Your symptoms: You're totally bloated, but you started the day with a flat belly
You may be swallowing air (the technical term is aerophagia) when doing things like drinking soda, chewing gum, or talking while eating.
You could have small intestinal bacterial overgrowth (SIBO), in which bacteria in the small intestine have gotten out of whack. Although SIBO can be caused by taking antibiotics, one of the treatments is, ironically, more antibiotics (particularly rifaximin, which stays in the gut) to slay the bad bugs, and then probiotics to repopulate your gut with healthy bacteria. Altering your diet can also help, notes Dr. Chutkan. "Most people treated with rifaximin alone improve for a couple of weeks, then get worse unless they change their diet," she says. Many doctors recommend limiting certain hard-to-digest carbohydrates, including lactose, fructose, and resistant starch.
RELATED: 9 Probiotic Foods That Aren't Yogurt
Your symptoms: Constipation and severe abdominal pain after you eat.
You might have Crohn's disease. Another type of IBD, Crohn's disease can cause abdominal pain (especially in the right lower quadrant), diarrhea, sometimes bloody stool, fatigue, weight loss and, over time, bowel obstruction (leading to constipation) and even malnutrition. As with ulcerative colitis, an abnormal immune response may be a factor: "Your body's antibodies are essentially chewing up the colon," explains Dr. Ganjhu. While ulcerative colitis affects only the inner lining of the colon and rectum, Crohn's can affect all the layers of the bowel, as well as the entire GI tract, anywhere from your mouth to your butt. Treatment often involves lifelong immune-suppressing drugs, plus steroids for flare-ups. Ask your doctor whether a modified diet could improve your symptoms. Some cases may require surgery.

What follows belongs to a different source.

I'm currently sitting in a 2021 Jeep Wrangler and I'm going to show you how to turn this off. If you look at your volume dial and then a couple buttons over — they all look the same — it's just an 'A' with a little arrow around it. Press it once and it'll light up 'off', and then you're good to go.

Your symptoms: Constipation along with weight gain, fatigue, and/or feeling extra sensitive to cold.
It could be an underactive thyroid (aka hypothyroid), which slows many of the body's systems, including digestion. After your diagnosis is confirmed with blood tests, treatment is daily thyroid medication.

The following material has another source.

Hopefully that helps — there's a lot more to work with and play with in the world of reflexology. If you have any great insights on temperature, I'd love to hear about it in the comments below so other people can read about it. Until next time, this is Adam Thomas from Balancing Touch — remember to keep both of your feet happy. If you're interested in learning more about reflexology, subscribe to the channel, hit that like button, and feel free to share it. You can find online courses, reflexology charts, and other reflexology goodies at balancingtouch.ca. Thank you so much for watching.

Your symptoms: Constipation that feels better after you poop. You don't have severe abdominal pain after you eat, and you're not gaining weight, extra tired, and/or extra sensitive to cold.
It might be irritable bowel syndrome with constipation (IBS-C). Hallmarks: episodes of constipation and abdominal pain that's relieved with a bowel movement. The culprit could be certain foods, gut bacteria problems, and/or stress.

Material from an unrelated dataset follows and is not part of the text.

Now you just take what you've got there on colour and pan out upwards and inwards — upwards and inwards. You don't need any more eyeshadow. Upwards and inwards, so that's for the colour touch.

Your symptoms: Constipation and bloat that's worse around your period or ovulation. You don't have severe abdominal pain after you eat, and you're not gaining weight, extra tired, and/or extra sensitive to cold. You haven't recently taken antibiotics.
See your ob-gyn to get checked for a possible gynecological condition such as endometriosis, ovarian cysts, polycystic ovary syndrome, or fibroids, any of which may also cause GI symptoms such as bloating, constipation, or abdominal pain.
Your symptoms: Constipation. You don't have severe abdominal pain after you eat, and you're not gaining weight, extra tired, and/or extra sensitive to cold. Your symptoms aren't worse around your period or ovulation.
You could have slow transit constipation, the technical term for when your colon doesn't move efficiently, making you chronically backed up. If the constipation is mild, try eating more fruits, vegetables, and whole grains and drinking lots of fluids. Talk to your doctor if the constipation is severe or lasts longer than a few weeks.